◆ Assigned task ◆
Beginning with the line that holds "a group of people with their hands in the air" and ending with the last line of the entries below, copy every line exactly and nothing else, with the pictures left out.

◆ Image-caption web data ◆
%%

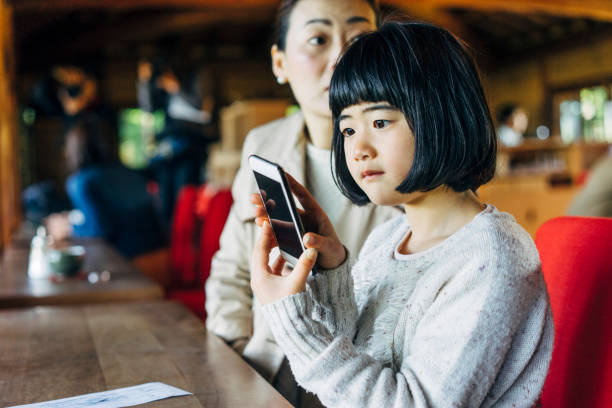 istock Japanese family using smartphone together 678853068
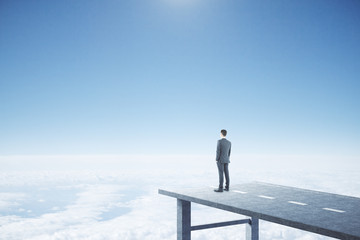 Businessman standing on end road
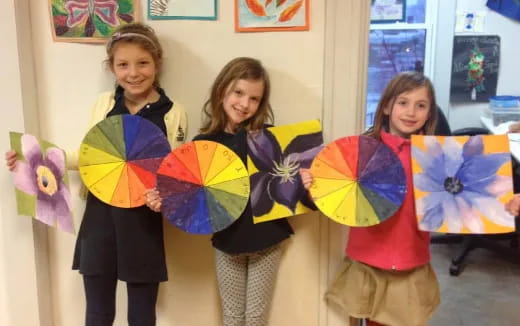 a group of girls holding kites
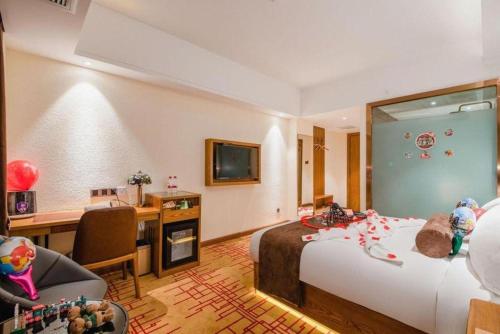 a hotel room with a bed and a desk and a room at James Joyce Coffetel Kunming Railway Station Huancheng Nan Road Metro Station in Kunming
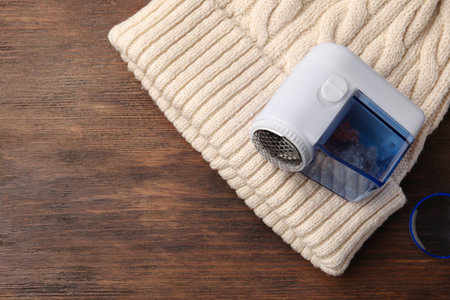 Modern fabric shaver and white knitted hat on wooden table, top view. Space for textの写真素材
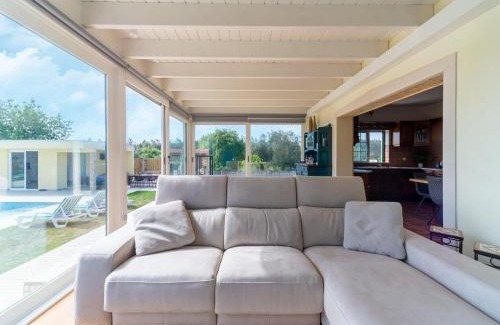 Camparca Haus | Rustic Spa Retreat in Netos
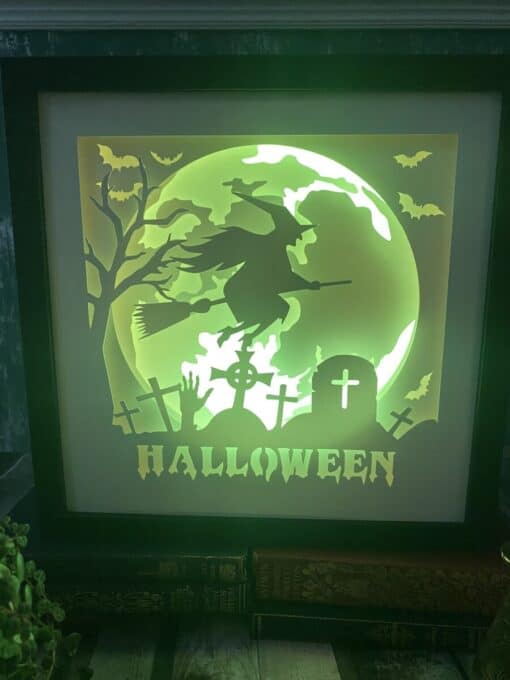 Illuminated Halloween display showing a witch on a broomstick, a graveyard with tombstones, bats, and "HALLOWEEN" text.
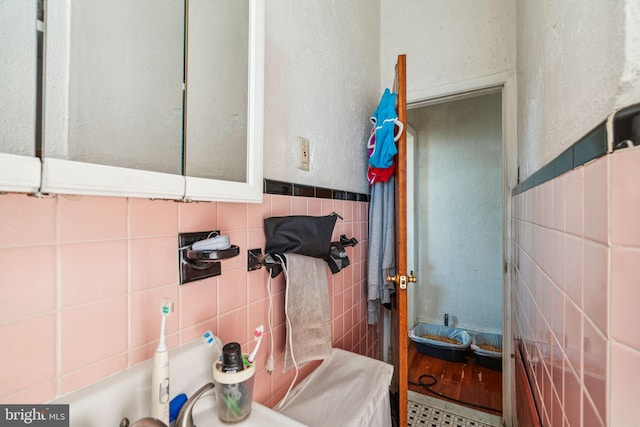 bathroom featuring hardwood / wood-style flooring and tile walls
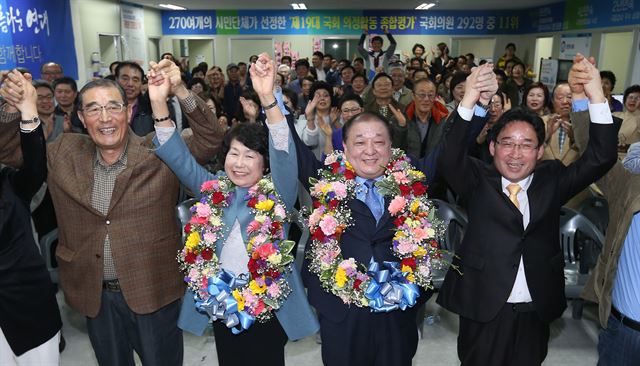 제주시갑 더불어민주당 강창일 후보 부부가 13일 오후 당선이 확실시되자 제주시 노형동 자신의 선거사무실에서 꽃다발을 목에 걸고 환호하고 있다. 연합뉴스.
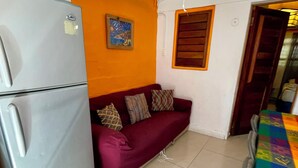 Un espace de vie compact comprenant un canapé, un réfrigérateur et une table aux couleurs vives.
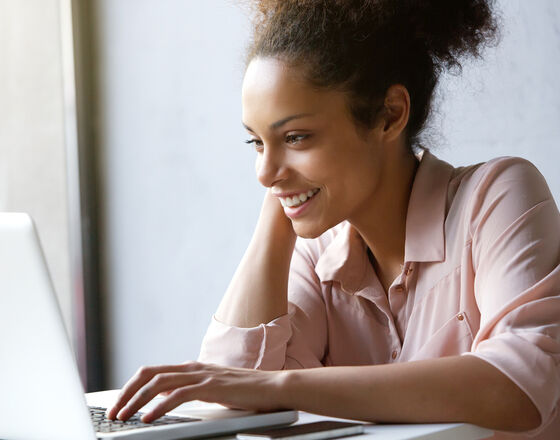 Young casual black woman at computer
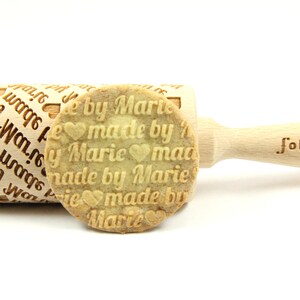 Puede incluir: Un rodillo de madera con un mango y el texto "folkroll" grabado en el mango. El rodillo está grabado con el texto repetido "made by Marie" y corazones. Una galleta con el mismo texto y corazones se muestra junto al rodillo.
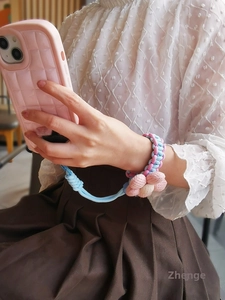 Detailed view of pink and blue woven phone wrist strap with soft plush flower charm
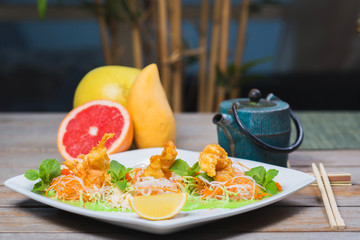 Fried breaded shrimp served with lettuce.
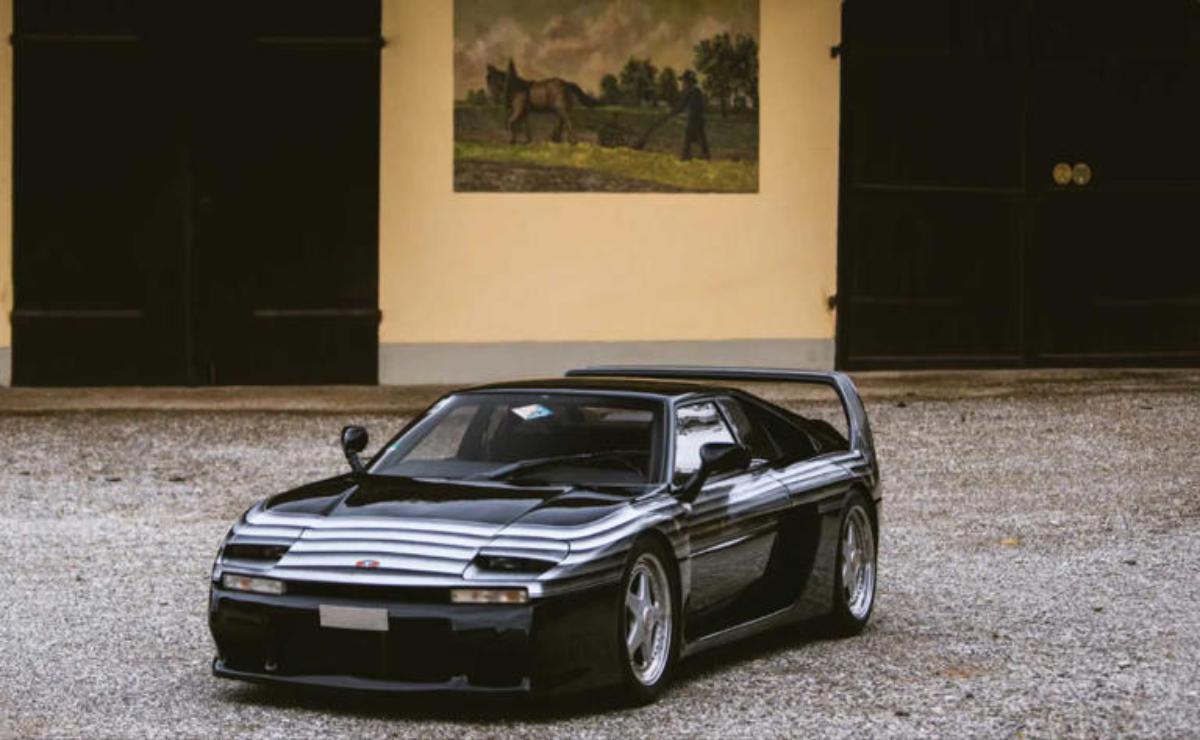 A sleek black sports car parked in an elegant courtyard.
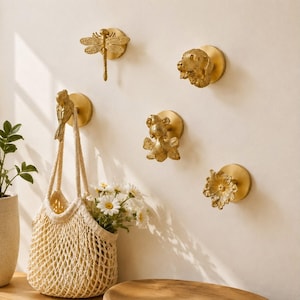 May include: A collection of five gold-toned wall hooks featuring detailed animal and floral motifs, including a dragonfly, a dog head, a bird, a goldfish, and a flower. One hook holds a beige woven tote bag filled with white daisies.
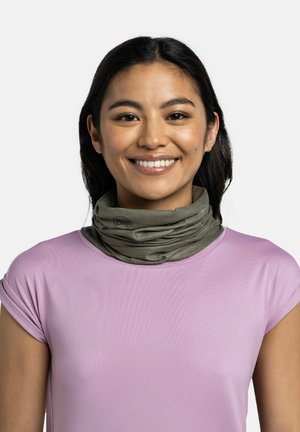 Jeune femme aux longs cheveux foncés portant une chemise violet clair et un tour de cou vert olive, souriant sur un fond blanc uni.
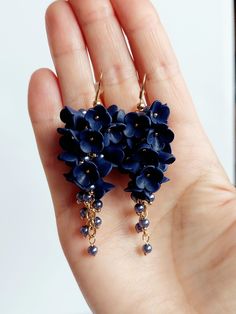 https://fanyv88.com:443/https/purplebeestudio.etsy.com Handmade polymer clay very delicate chandelier earrings. These elegant earrings in trendy  royal blue colour will become your favorits for many occasions day or night.  Perfect gift for a special woman in your life. Earrings made with brass ear wire. The earrings are very light and comfortable to wear all day. SHIPPING: Your order will be dispatched in a securely packed cardboard box. Product care:  - To ensure the product quality and durablility, avoid contact with water, lotion, perfumes and household cleaners and chemicals. - You can clean the products with a slightly damp soft fabric.  - Sharp objects can damage the clay surface. - When not in use, store in a dry, seperate box. Thank you for visiting my shop! If you have any special requests, I'll be ha Elegant Blue 3d Flower Earrings, Blue 3d Flower Earrings For Wedding, Blue Elegant Earrings With 3d Flowers, Elegant Blue Earrings With 3d Flowers, Elegant Blue Jewelry With 3d Flowers, Elegant Purple Polymer Clay Earrings, Blue Dangle Flower Earrings In Polymer Clay, Elegant Polymer Clay Flower Drop Earrings, Elegant Handmade Flower Polymer Clay Earrings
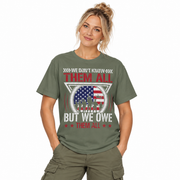 We Don't Know Them All, But We Owe Them All print on a garment-dyed women's shirt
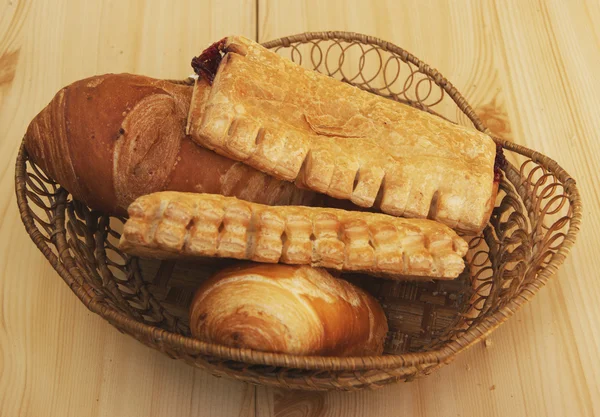 Brood en zoete taarten in mand — Stockfoto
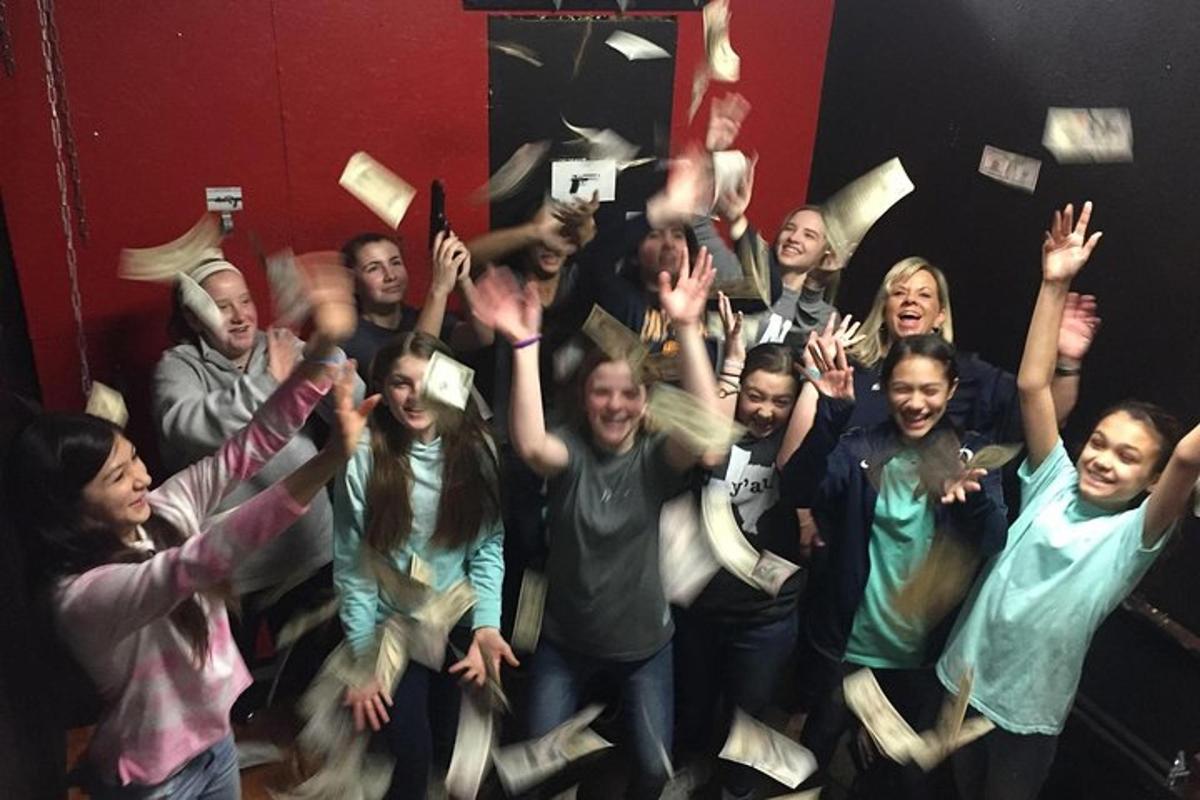a group of people with their hands in the air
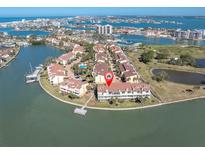 Beautiful aerial view of a waterfront condo with a private dock and access to the bay at 553 Haven Point Dr, Treasure Island, FL 33706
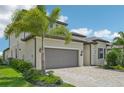 Two-story home features a gorgeous gray tile roof and manicured landscaping at 5713 Cheech Gln, Lakewood Ranch, FL 34211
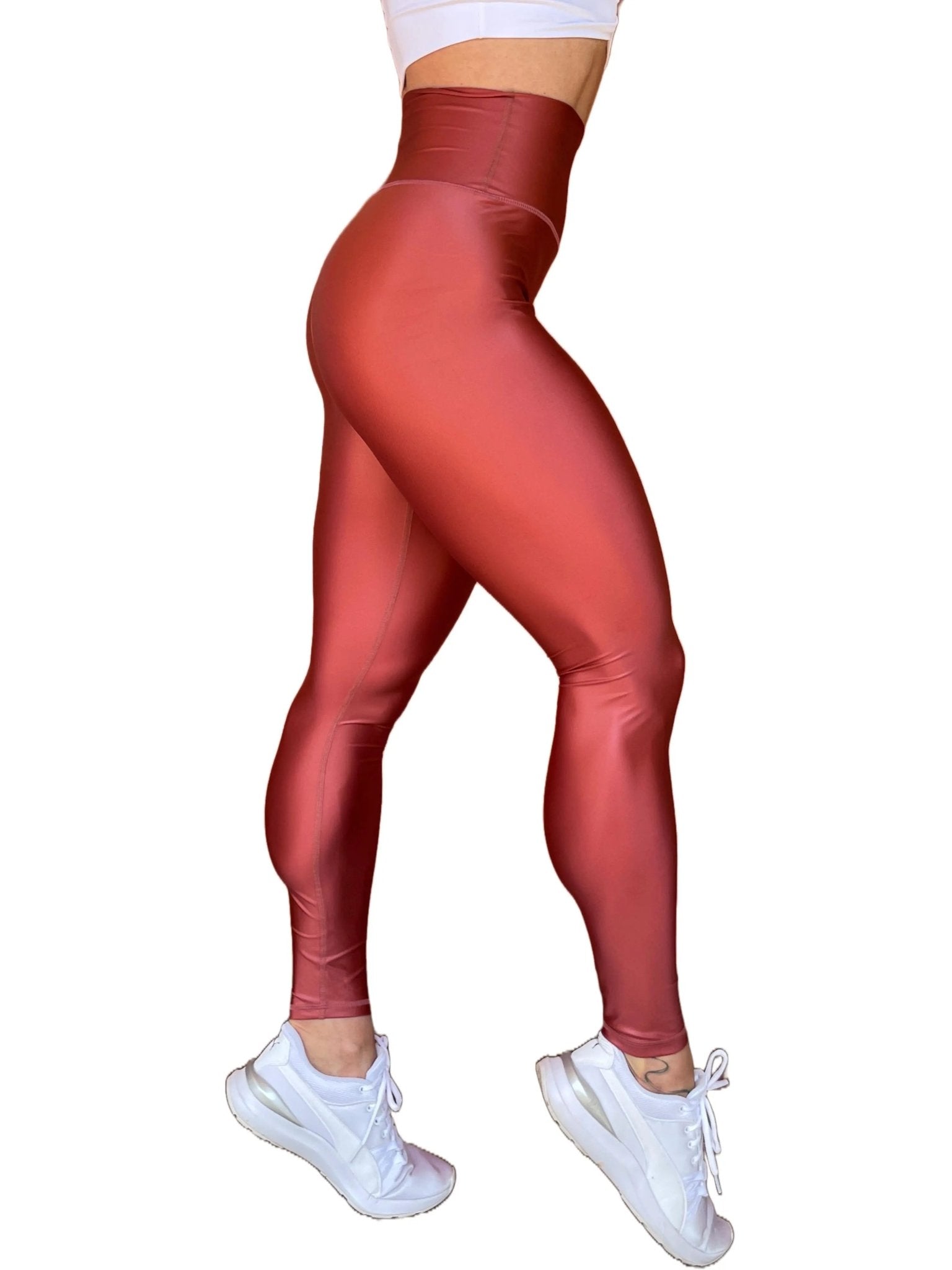 Mujer vistiendo los leggings brillantes de cintura alta Legging Pearl Shine de LUXFEEL en color Teja Brillante / Marron Brillante, con acabado efecto perla.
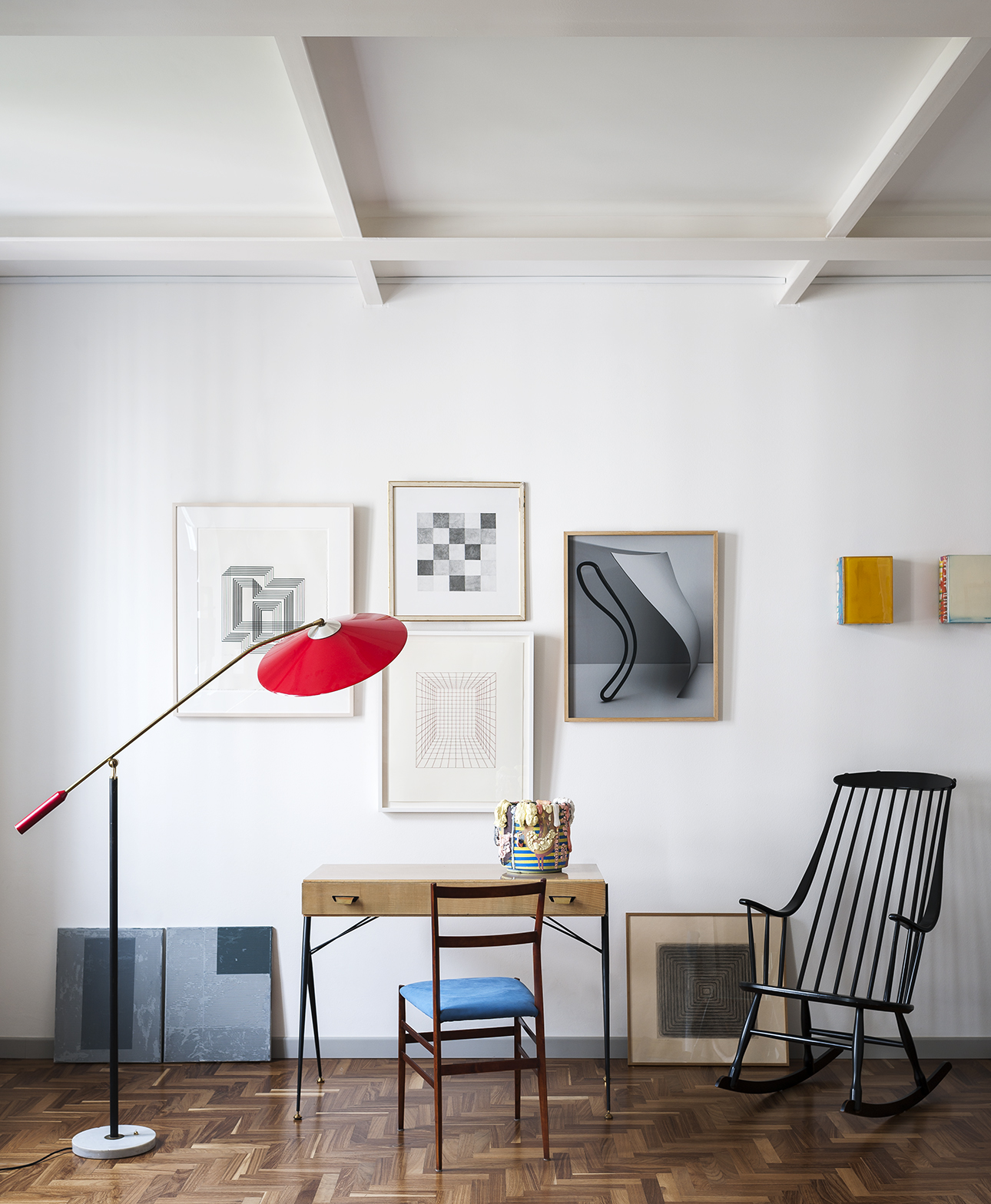 The collection of Nicole-Saikalis Bay is presented in her palazzo in Milan, a mixture of printed drawings and furniture is shown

%%

◆ Problem solution ◆
a group of people with their hands in the air
 Beautiful aerial view of a waterfront condo with a private dock and access to the bay at 553 Haven Point Dr, Treasure Island, FL 33706
 Two-story home features a gorgeous gray tile roof and manicured landscaping at 5713 Cheech Gln, Lakewood Ranch, FL 34211
 Mujer vistiendo los leggings brillantes de cintura alta Legging Pearl Shine de LUXFEEL en color Teja Brillante / Marron Brillante, con acabado efecto perla.
 The collection of Nicole-Saikalis Bay is presented in her palazzo in Milan, a mixture of printed drawings and furniture is shown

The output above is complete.